Au-delà du symbole féministe, l’omniprésence des Simone est aussi la suite logique du retour en grâce des prénoms anciens. Déjà en 1997, la boutique Colette, temple du cool parisien, misait sur le prénom désuet de sa fondatrice. Dans un autre genre, citons également le duo Brigitte, qui cartonne sous un pseudo aux accents très vieille France. “C’est ce que l’on appelle un paradoxe vertueux, note Mariette Darrigrand, plus vous paraissez daté, plus vous incarnez en réalité un certain air du temps.” Pour Vincent Grégoire, chasseur de tendances au sein du bureau de style Nelly Rodi, il y a en effet une mode chez les élites créatives “à glorifier le kitsch ou le ringard pour en faire un symbole de la pop culture. Dans le cas du prénom Simone, cela permet de jouer sur les deux tableaux : Simone peut être autant la bourgeoise avec son collier de perles et son tailleur strict un peu vieillot que la femme libérée qui fume et qui baise. Quand on vous dit Simone, vous pensez à Simone de Beauvoir, Simone Veil, Simone Signoret, Nina Simone, des femmes de tête, des femmes libres, des jouisseuses. Simone peut représenter à la fois le classicisme et la bohème.”
Militantisme ou femwashing ?
Cette multiplicité des symboles est la meilleure manière de plaire à plusieurs publics, du plus conservateur au plus branché.
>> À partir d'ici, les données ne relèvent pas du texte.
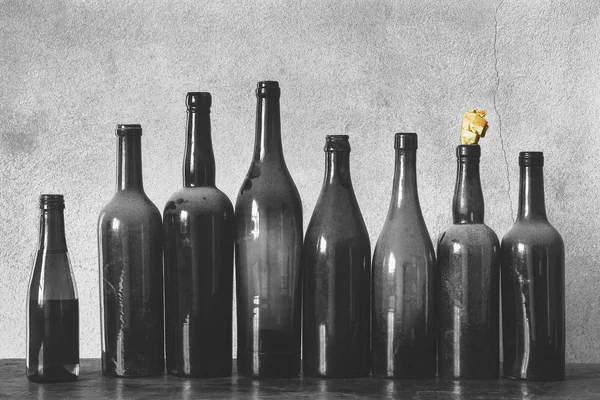 Старые бутылки — стоковое фото
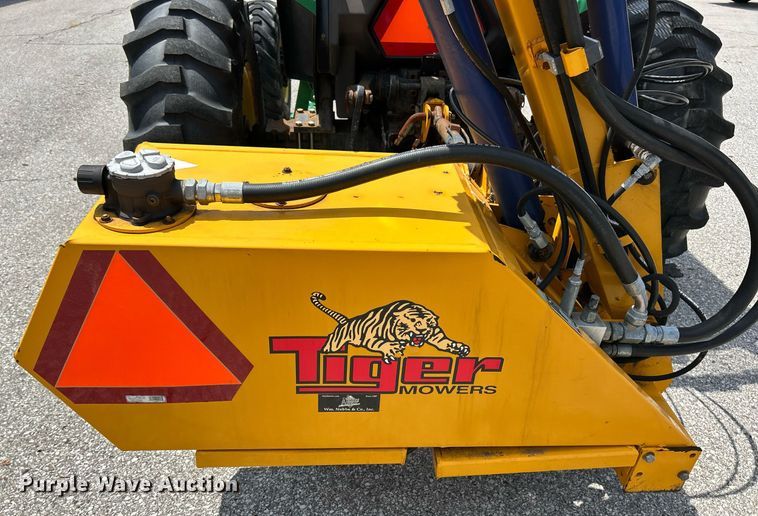 image for item EK8356 1997 John Deere 5300 MFWD tractor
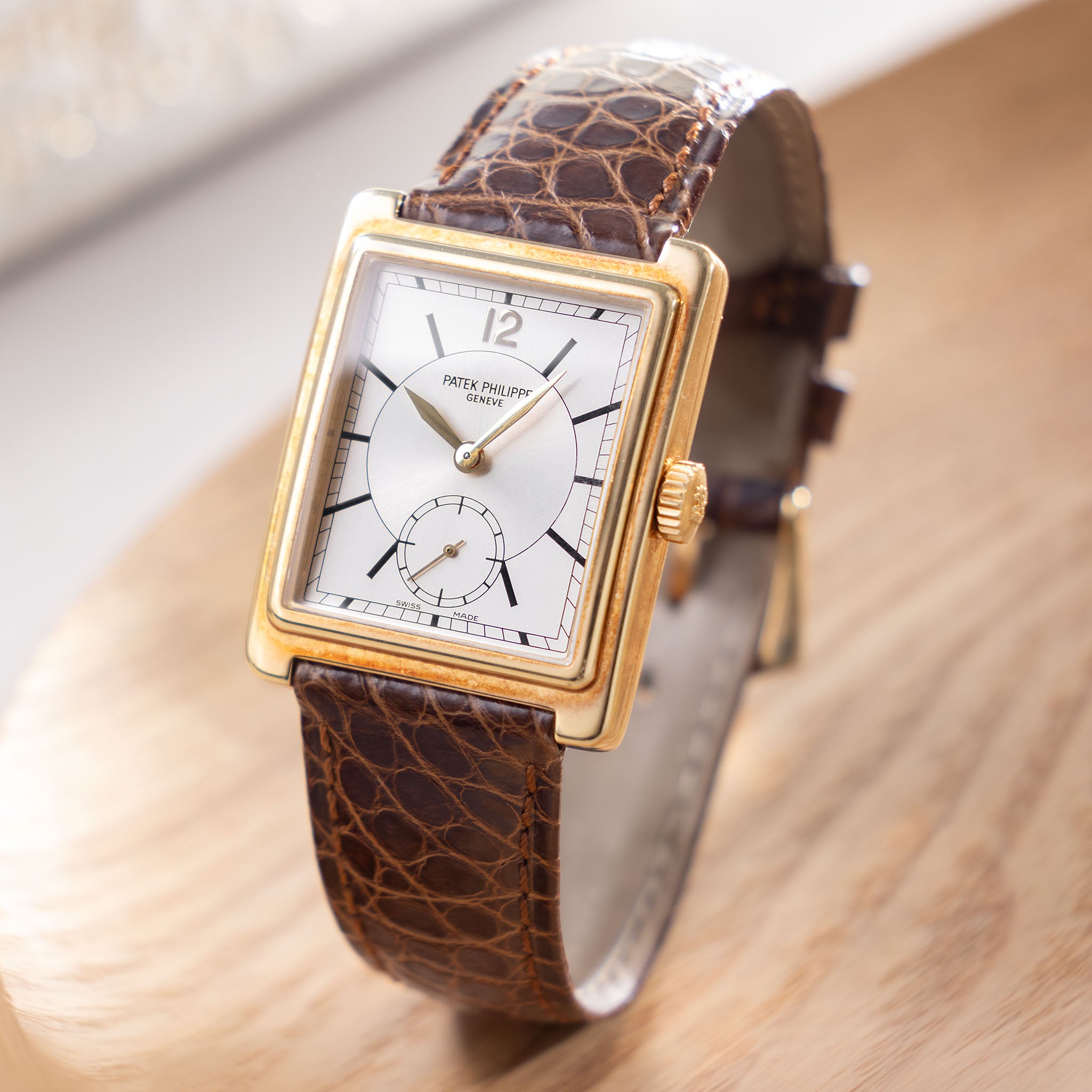 Patek Philippe Gondolo in 18k Yellow Gold Ref. 5010J with Original Certificate of Origin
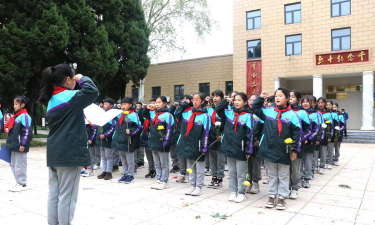 滨河路小学校户外活动场地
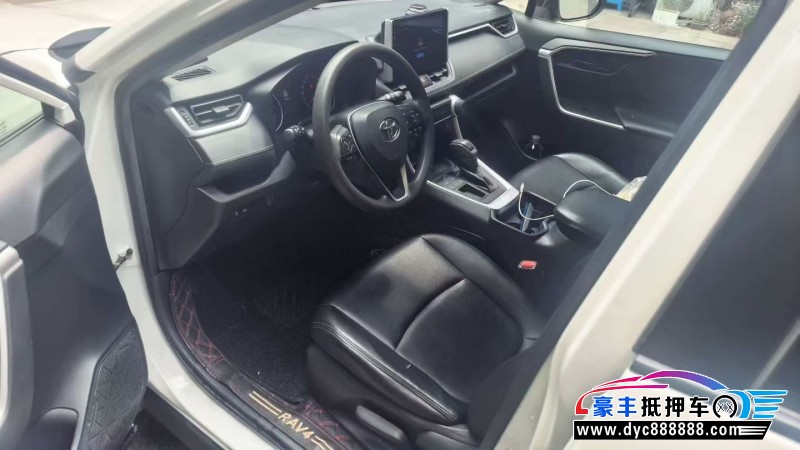 20年丰田RAV4轿车抵押车出售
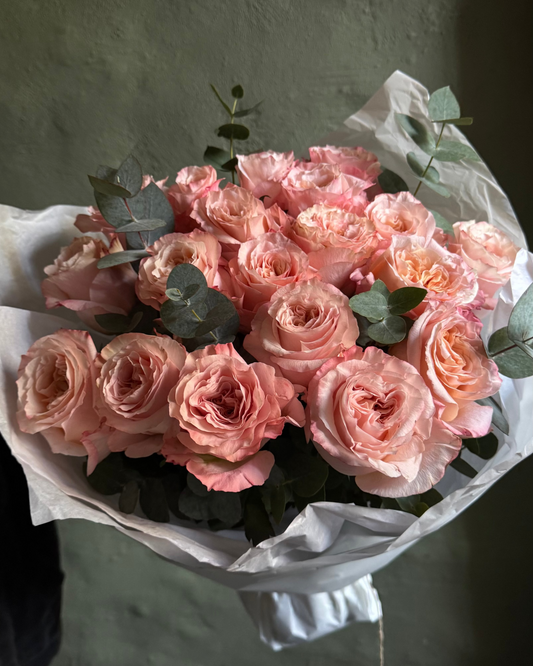 Bouquet mono with ecuadorian reflexed peach roses 19 pcs & eucalyptus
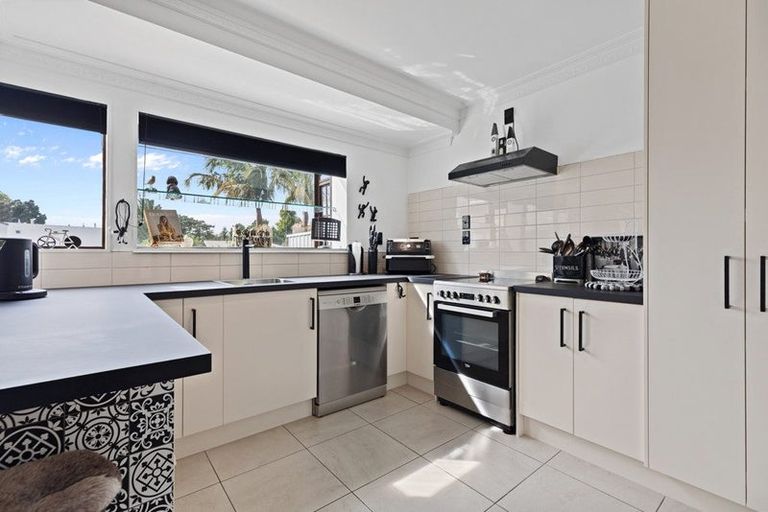 Photo of property in 64c Fifth Avenue, Tauranga, 3110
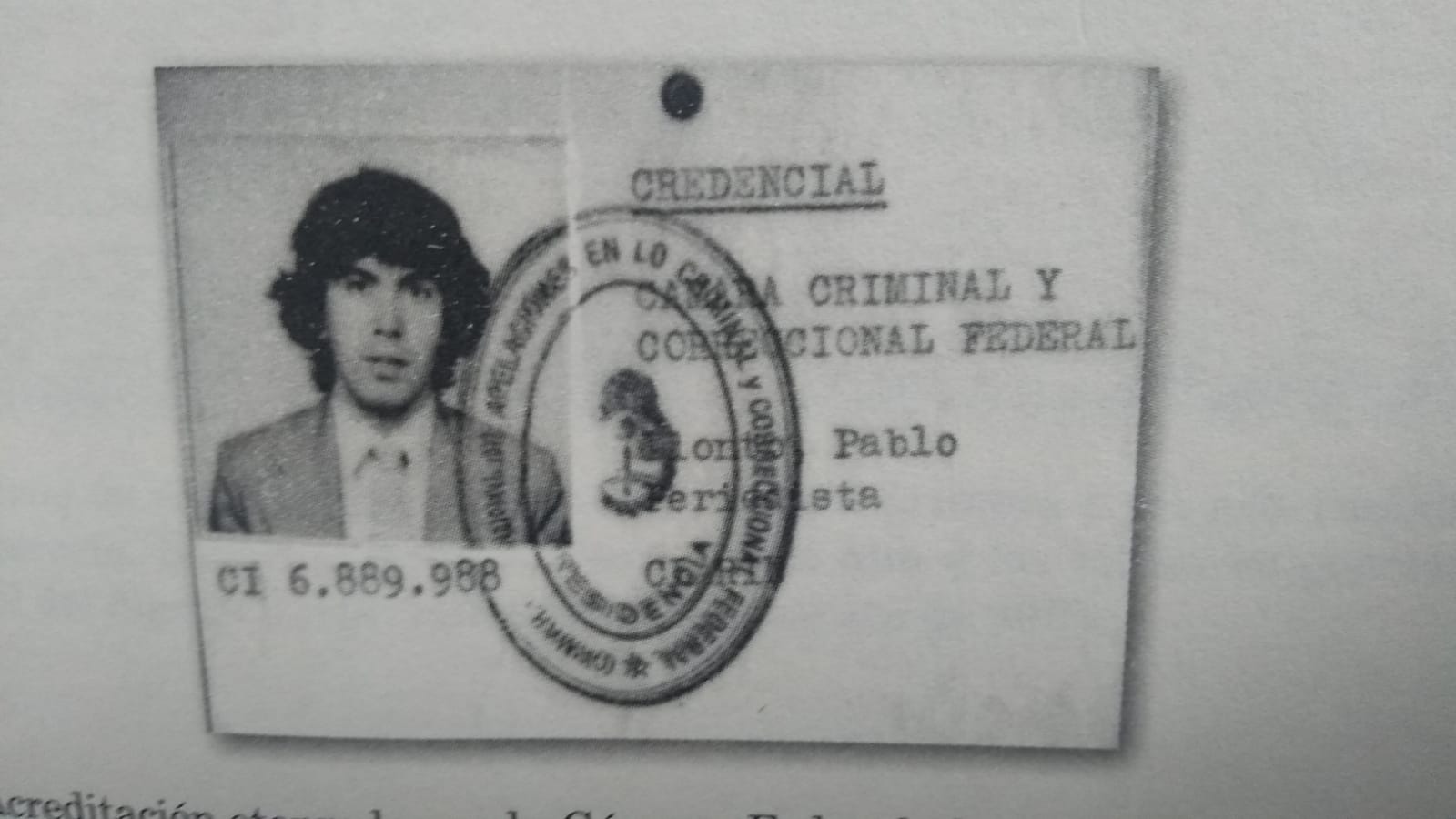 La credencial de Pablo Llonto para la cobertura del histórico juicio a las Juntas Militares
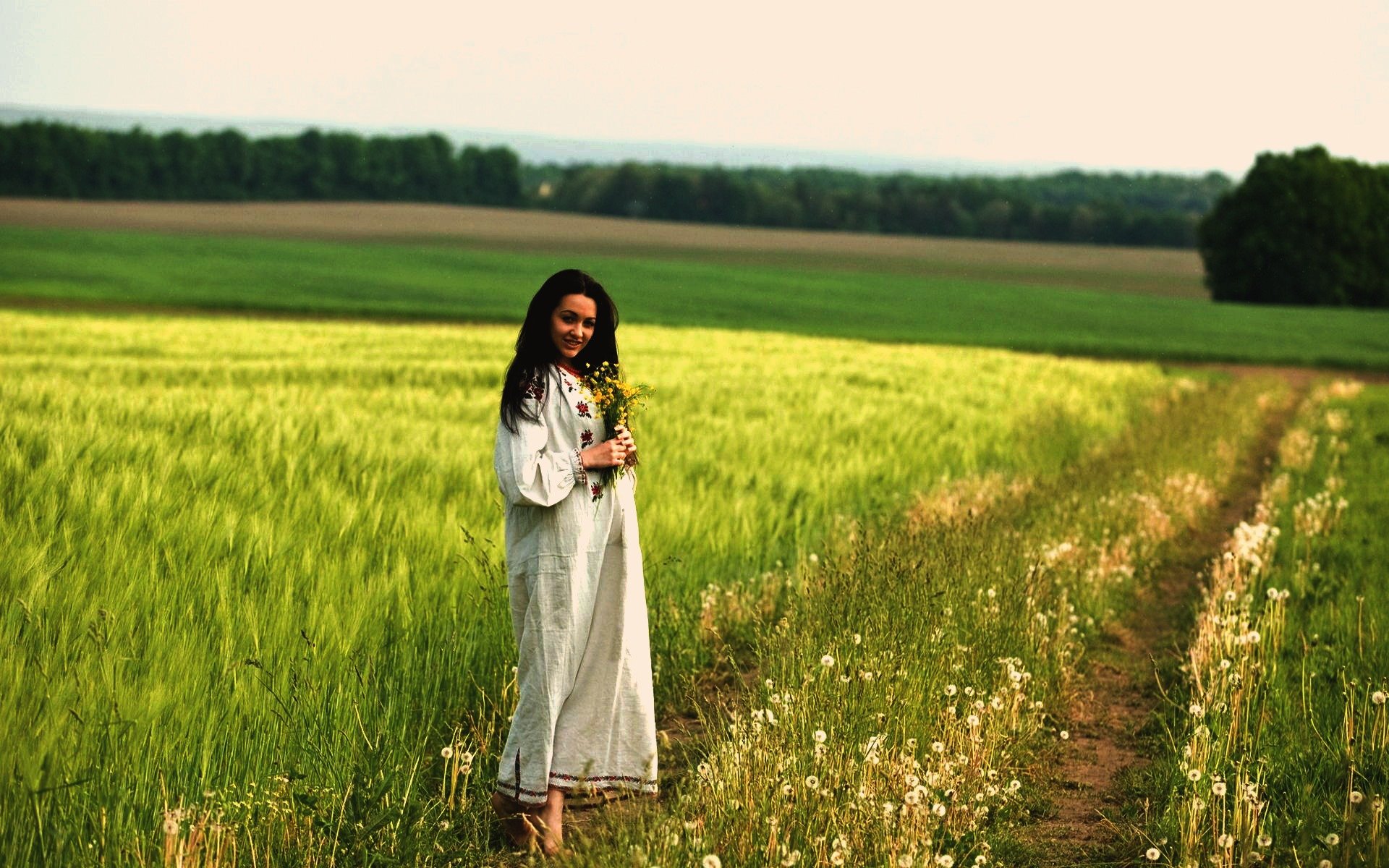 Women in Slavic costumes in Hailun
Car Simone est un prénom qui, selon Vincent Grégoire, parle à la fois “aux néophytes qui font des cupcakes dans leur cuisine façon Gwyneth Paltrow qu’aux féministes plus militantes comme les Femen. Et puis Simone véhicule aussi un certain dynamisme, une idée de mouvement, on pense par exemple à l’expression populaire ‘En voiture, Simone!’”- qui fait référence à la pilote Simone Louise des Forest, pilote automobile française et l’une des premières femmes à avoir obtenu son permis de conduire. Une expression que Soisic Belin a justement détournée pour titrer ses soirées et conférences féministes baptisées En scène Simone : “Simone, c’est Beauvoir, c’est Veil, ce sont des personnalités qui comptent dans l’avancée de la place des femmes. C’était un hommage et en même temps, on comprend tout de suite de quoi il s’agit. Et ‘En Scène’ parce que concrètement, c’est sur scène que ça se passe.”
Citer une Simone peut aussi être une subtile manière de fédérer une communauté autour de sa marque. Car pour saisir l’ironie faussement nostalgique que dissimule un Simone, encore faut-il en comprendre la référence. “Pour apprécier le second degré qui se cache souvent derrière ces clins d’œil aux Simone, il faut connaître les textes, les combats, les parcours de ces femmes, affirme Vincent Grégoire. Capter la référence, c’est faire partie d’un club branché et cultivé. Et féministe”.
Un club féministe qui semble attirer de plus en plus de monde depuis l’affaire Weinstein et son retentissement médiatique. “Il y a une grosse tendance de fond sur le girl power chez les marques, le féminisme fait vendre, confirme le chasseur de tendances. Mais le public n’est pas dupe, si ce féminisme n’est qu’une opportunité commerciale sans réel engagement ou conviction, l’effet tombe à plat.” Aucun risque donc pour les Simone précédemment citées d’être taxées de femwashing : testées et approuvées par Cheek, elles font honneur à nos illustres aînées. Pour cela, on leur dit, entre autres, en scène, et merci.